===== EXERCISE MATERIAL

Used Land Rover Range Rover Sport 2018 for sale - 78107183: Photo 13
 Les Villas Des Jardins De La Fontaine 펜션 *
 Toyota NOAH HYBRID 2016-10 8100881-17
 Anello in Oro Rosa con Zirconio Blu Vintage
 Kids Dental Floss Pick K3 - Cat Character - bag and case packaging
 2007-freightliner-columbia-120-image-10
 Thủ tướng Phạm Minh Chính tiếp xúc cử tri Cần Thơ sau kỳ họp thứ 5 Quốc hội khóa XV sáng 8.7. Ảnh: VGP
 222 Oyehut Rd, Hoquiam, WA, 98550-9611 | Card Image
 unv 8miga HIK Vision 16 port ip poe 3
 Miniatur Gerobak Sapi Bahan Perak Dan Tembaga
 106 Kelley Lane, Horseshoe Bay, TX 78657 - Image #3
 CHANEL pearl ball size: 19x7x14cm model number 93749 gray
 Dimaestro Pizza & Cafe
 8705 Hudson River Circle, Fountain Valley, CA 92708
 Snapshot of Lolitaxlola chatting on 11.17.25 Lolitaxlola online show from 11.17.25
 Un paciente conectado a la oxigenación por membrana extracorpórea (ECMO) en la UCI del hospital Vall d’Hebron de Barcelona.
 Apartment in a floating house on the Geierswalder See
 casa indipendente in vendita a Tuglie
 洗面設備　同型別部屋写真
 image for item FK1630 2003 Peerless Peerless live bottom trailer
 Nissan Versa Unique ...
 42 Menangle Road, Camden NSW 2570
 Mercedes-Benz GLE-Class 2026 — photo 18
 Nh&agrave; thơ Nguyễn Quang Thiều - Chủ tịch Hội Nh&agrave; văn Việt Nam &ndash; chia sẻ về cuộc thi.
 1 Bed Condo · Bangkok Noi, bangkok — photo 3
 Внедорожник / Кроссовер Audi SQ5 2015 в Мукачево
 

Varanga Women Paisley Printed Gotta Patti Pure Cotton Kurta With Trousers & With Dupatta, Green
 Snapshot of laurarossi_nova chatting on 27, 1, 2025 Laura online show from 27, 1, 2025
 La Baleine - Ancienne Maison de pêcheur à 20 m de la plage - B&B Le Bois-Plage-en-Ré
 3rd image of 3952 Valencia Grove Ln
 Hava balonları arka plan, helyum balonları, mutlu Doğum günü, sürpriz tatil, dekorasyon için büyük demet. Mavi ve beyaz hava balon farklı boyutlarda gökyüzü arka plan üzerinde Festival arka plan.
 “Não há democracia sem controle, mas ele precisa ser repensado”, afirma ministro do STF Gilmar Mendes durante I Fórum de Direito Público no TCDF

==========

> WORK INSTRUCTIONS
From the records above, copy only the lines starting with the line that holds "Nh&agrave; thơ Nguyễn" and going on through the line that holds "Snapshot of laurarossi_nova", exactly as written.

> SOLUTION TO THIS EXERCISE
 Nh&agrave; thơ Nguyễn Quang Thiều - Chủ tịch Hội Nh&agrave; văn Việt Nam &ndash; chia sẻ về cuộc thi.
 1 Bed Condo · Bangkok Noi, bangkok — photo 3
 Внедорожник / Кроссовер Audi SQ5 2015 в Мукачево
 

Varanga Women Paisley Printed Gotta Patti Pure Cotton Kurta With Trousers & With Dupatta, Green
 Snapshot of laurarossi_nova chatting on 27, 1, 2025 Laura online show from 27, 1, 2025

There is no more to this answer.